Discussions - 5 Comments

Read Uncle Tom, if you've never read it, and you'll be astonished. Read Bill Allen's commentary, and you'll be transported.

And when you done with Uncle Tom's Cabin, read the forward to Whittaker Chamber's "Witness".

Here -- -- a good taste of Allen on Stowe and part 2 is available.

And, I am currently reading Solzhenitsyn's "Warning to the West," which addresses all of the comments the Peter made above about the human person, liberty, rights, and dignity.

NLT's good friend Keith Olbermann recently offered up this gem, also from Harriet Beecher Stowe. Its from All Things, Harriet Beecher Stowe's magazine profile of Abraham Lincoln, written in 1863.

"The revolution through which the American nation is passing is not a mere local convulsion. It is a war for a principle which concerns all mankind. It is the war for the rights of the working classes of mankind, as against the usurpation of privileged aristocracies. You can make nothing else out of it. That is the reason why, like a shaft of light in the judgment-day, it has gone through all nations, dividing to the right and the left the multitudes. For us and our cause, all the common working classes of Europe – all that toil and sweat and are oppressed. Against us, all privileged classes, nobles, princes, bankers, and great manufacturers, and all who live at ease.

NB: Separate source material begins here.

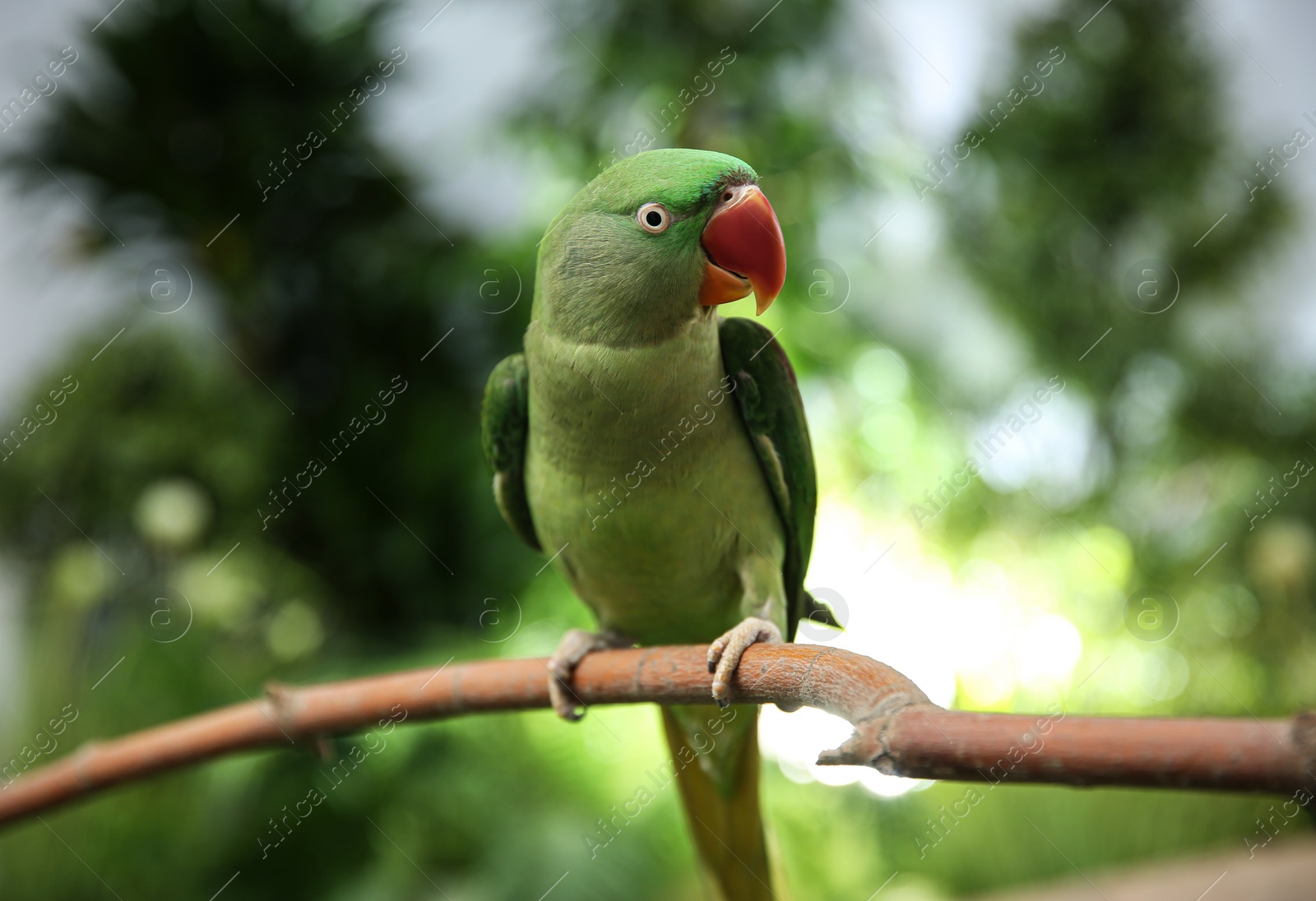 Photo of Beautiful Alexandrine Parakeet on tree branch outdoors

A silent instinct, piercing to the dividing of soul and spirit, joints and marrow, has gone through the earth, and sent every soul with instinctive certainty where it belongs. No sophistries could blind or deceive them; they knew that our cause was their cause, and they have suffered their part heroically, as if fighting by our side, because they knew that our victory was to be their victory. On the other side, all aristocrats and holders of exclusive privileges have felt the instinct of opposition, and the sympathy with a struggling aristocracy, for they, too, feel that our victory will be their doom."